Short descriptive text snippets
○ ○ ○ ○ ○ ○ ○

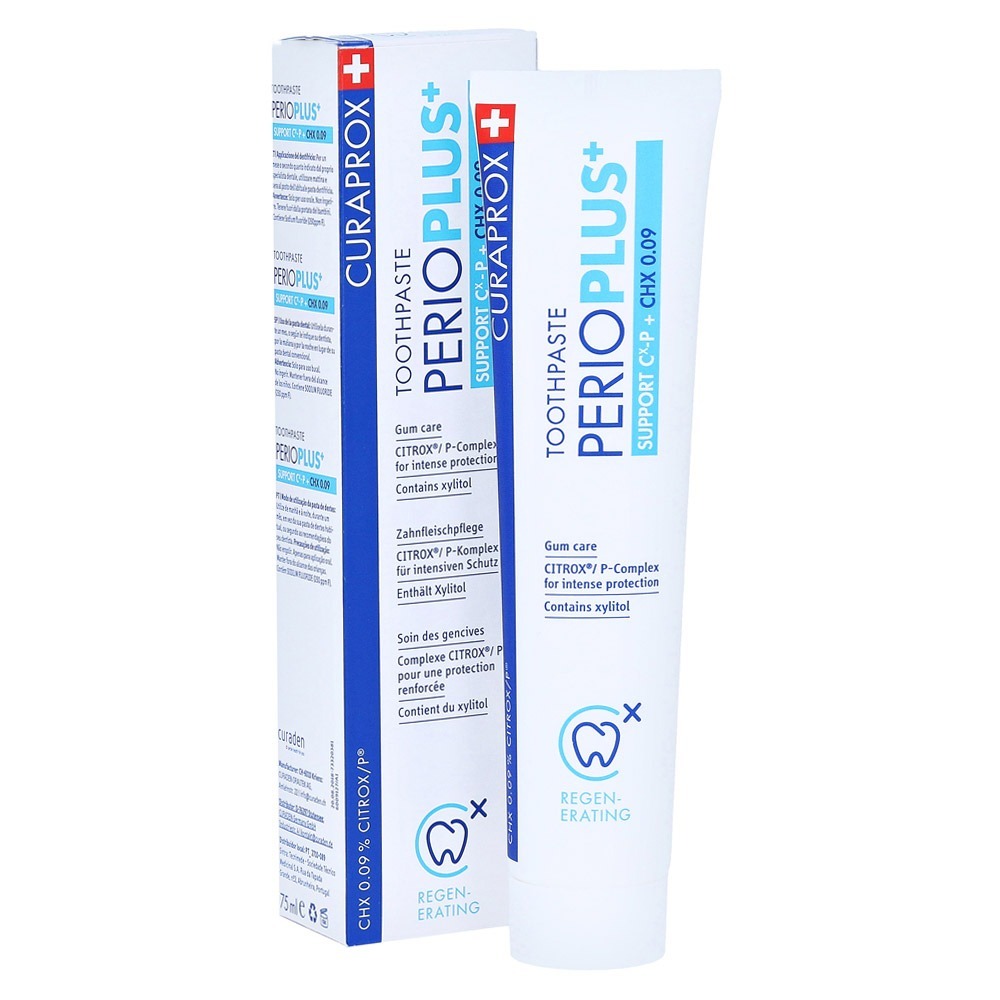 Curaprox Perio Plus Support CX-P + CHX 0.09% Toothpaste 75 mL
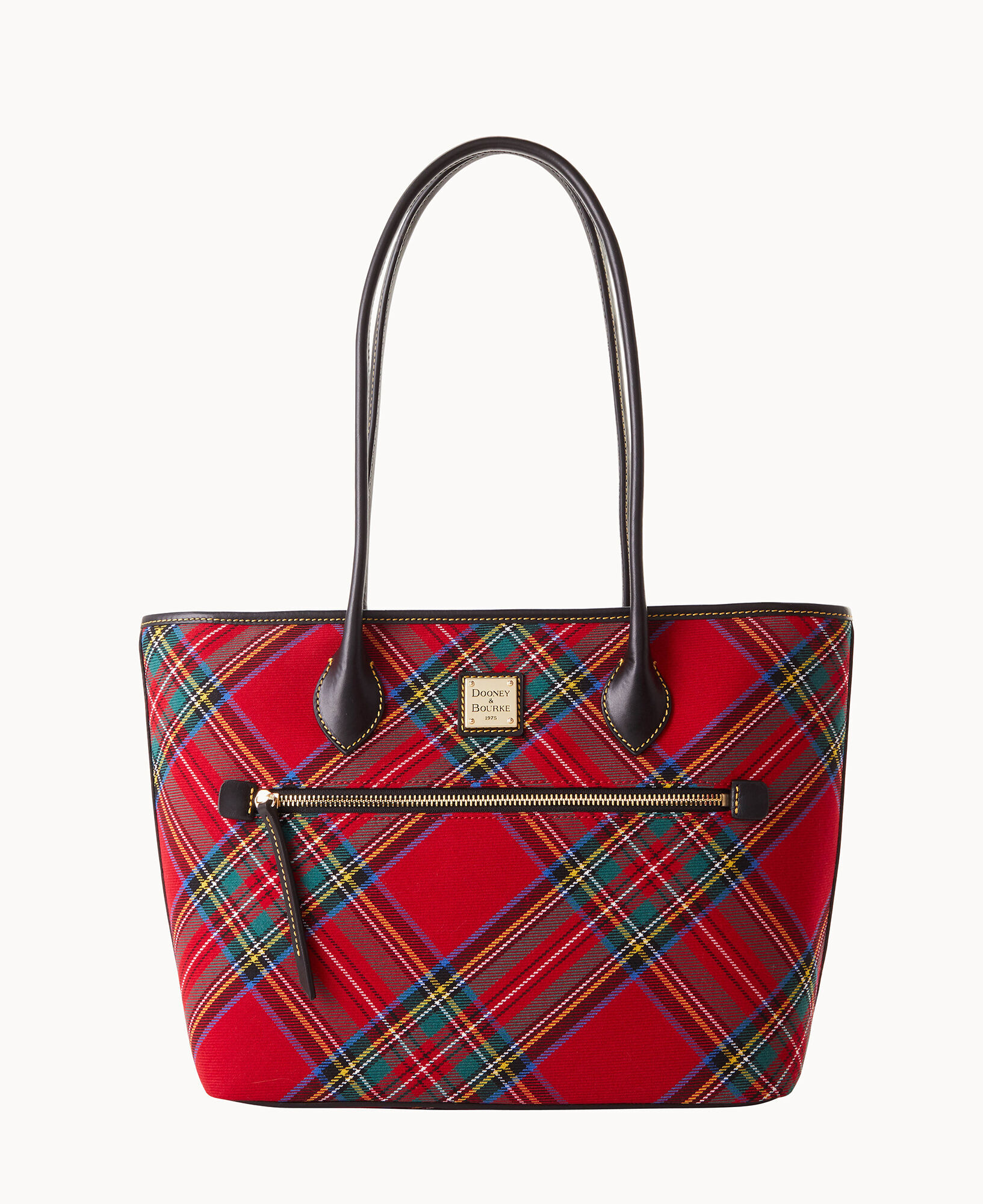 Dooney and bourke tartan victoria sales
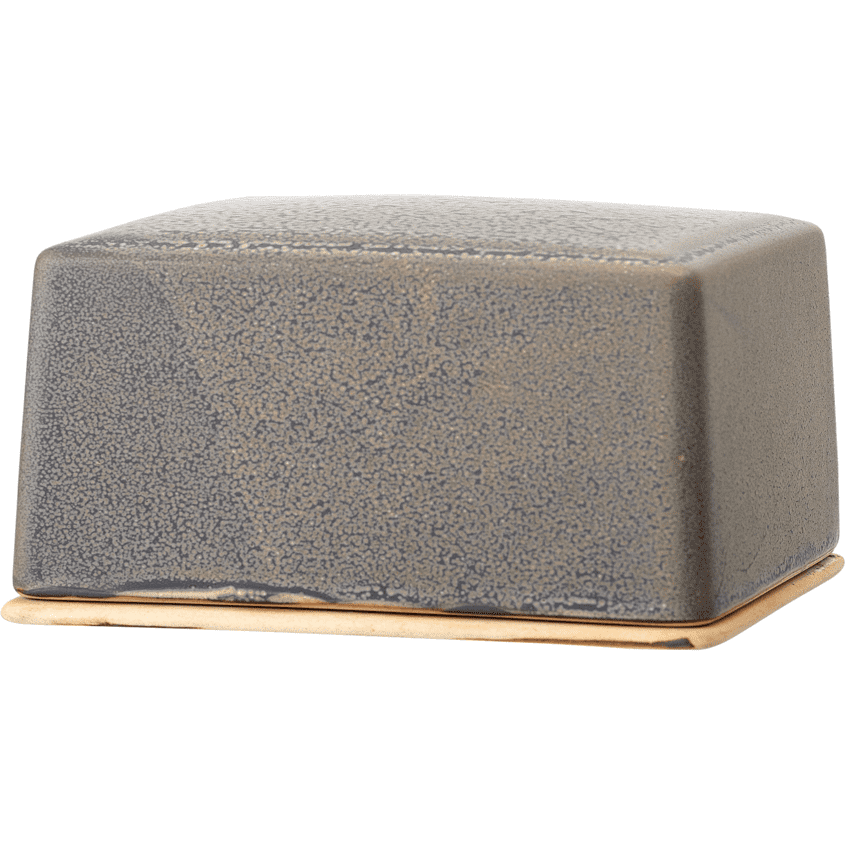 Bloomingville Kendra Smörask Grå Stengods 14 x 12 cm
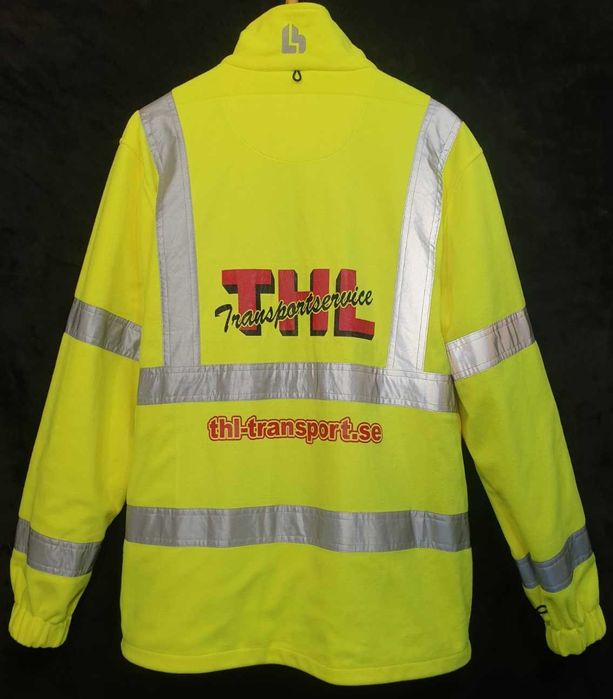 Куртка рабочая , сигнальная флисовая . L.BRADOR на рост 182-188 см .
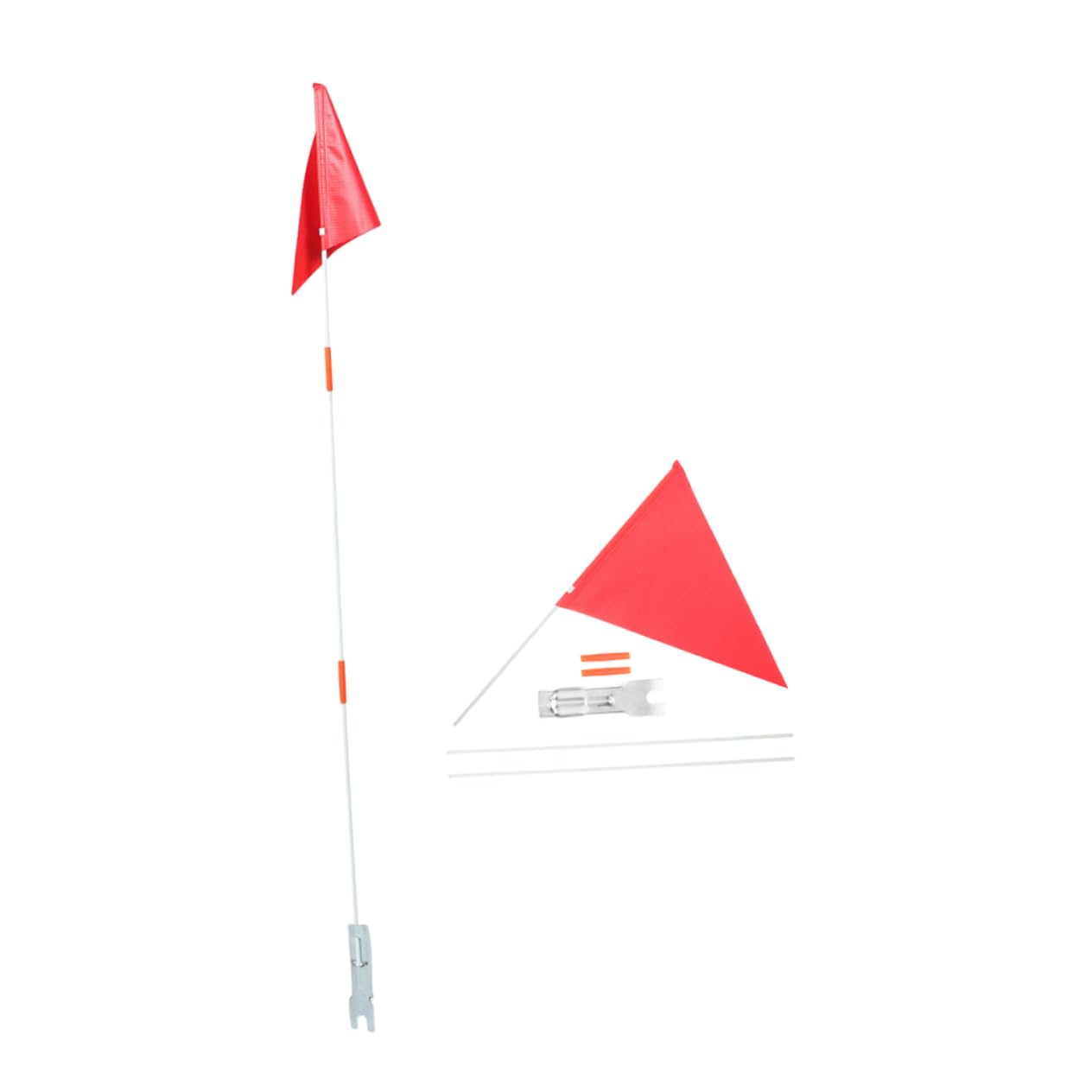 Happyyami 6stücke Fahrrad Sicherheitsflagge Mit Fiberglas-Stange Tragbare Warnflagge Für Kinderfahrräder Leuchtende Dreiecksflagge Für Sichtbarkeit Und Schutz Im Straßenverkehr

○ ○ ○ ○ ○ ○ ○

Skip the pictures and print exactly the lines from the one containing "Bloomingville Kendra Smörask" through the end of the records above.

 Bloomingville Kendra Smörask Grå Stengods 14 x 12 cm
 Куртка рабочая , сигнальная флисовая . L.BRADOR на рост 182-188 см .
 Happyyami 6stücke Fahrrad Sicherheitsflagge Mit Fiberglas-Stange Tragbare Warnflagge Für Kinderfahrräder Leuchtende Dreiecksflagge Für Sichtbarkeit Und Schutz Im Straßenverkehr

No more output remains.